My research focuses on simulating light-driven chemistry on metal surfaces, where non-adiabatic coupling between electronic and nuclear motion requires custom MD methods.
If you are in the field of non-adiabatic / excited state dynamics, I hope I can show you why this might be interesting for your own simulations.
NQCDynamics.jl² is a non-adiabatic molecular dynamics package our research group has built to facilitate development and large-scale simulations using new mixed quantum classical dynamics methods which go beyond the Born-Oppenheimer approximation.
These methods are necessary to describe the coupling between light, electrons and phonons at interfaces, where ultrafast laser pulses can drive chemical reactivity by inducing mode-selective energy transfer more efficiently than comparable thermal heating.¹
However, computationally simulating the multitude of simultaneous processes occurring at different time scales ab-initio remains a challenge.³
Using interfaces to Julia- and Python-based ML models working in tandem⁴, I am able to simulate the effect of ultrafast laser pulses on hydrogen evolution from copper surfaces efficiently at a large scale.
NQCDynamics.jl provides a framework for initialising dynamics simulations and propagating the equations of motion using DifferentialEquations.jl, with a number of interfaces to the wider Julia- and Python-based molecular simulation ecosystem.
After sampling rare reactive dynamics from thousands of simulations, I can compare energy partitioning in desorbed hydrogen molecules, concluding that the choice of electronic friction approximation only determines the rate of energy transfer, while the energy distributions of desorbing molecules are governed by the potential energy surface. This suggests that thermal and laser-driven desorption may yield similar outcomes at low coverage.
[1]: S. W. Lee, Appl. Surf. Sci. Adv. 16, 100428 (2023).
[2]: J. Gardner et al., J. Chem. Phys. 156, 174801 (2022).
[3]: C. Frischkorn and M. Wolf, Chem. Rev. 106, 4207 (2006).
[4]: W. G. Stark et al., Phys. Rev. B. 112, 2 (2025).
I am a third-year Physics PhD student at the University of Vienna in the research group of Prof. Reinhard Maurer.
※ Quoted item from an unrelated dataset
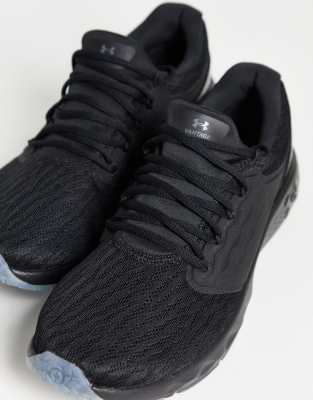 under armour charged vantage black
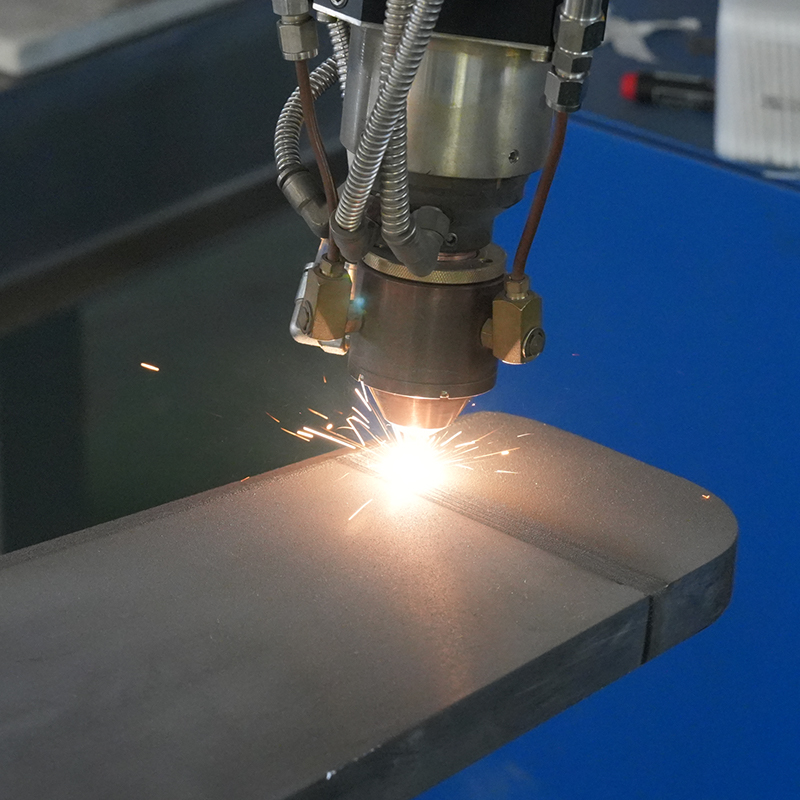 Revestimento a laser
My research focuses on the simulation of light-driven hydrogen evolution. A number of experiments using ultra-fast laser pulses have indicated that the transfer of energy from light into molecular degrees of freedom is more selective than under purely thermal conditions, potentially enabling more efficient catalysis.
The complex interactions between electrons, light and adsorbate molecules at metal surfaces are not well understood, both due to the computational power required to simulate molecular dynamics outside the Born-Oppenheimer approximation, as well as the different time scales of electronic, lattice and electromagnetic responses.
A variety of methods has been developed to include the effects of electron-nuclear coupling in classical molecular dynamics, such as electronic friction or surface hopping.
In combination with machine-learning methods to calculate interatomic potentials and other parameters, I hope to simulate non-thermal hydrogen surface chemistry in adequate detail at reduced computational cost.
To better capture light-matter interactions at a sub-picosecond scale, I will attempt to use and improve methods to describe light excitations beyond the methods currently used to verify experimental results.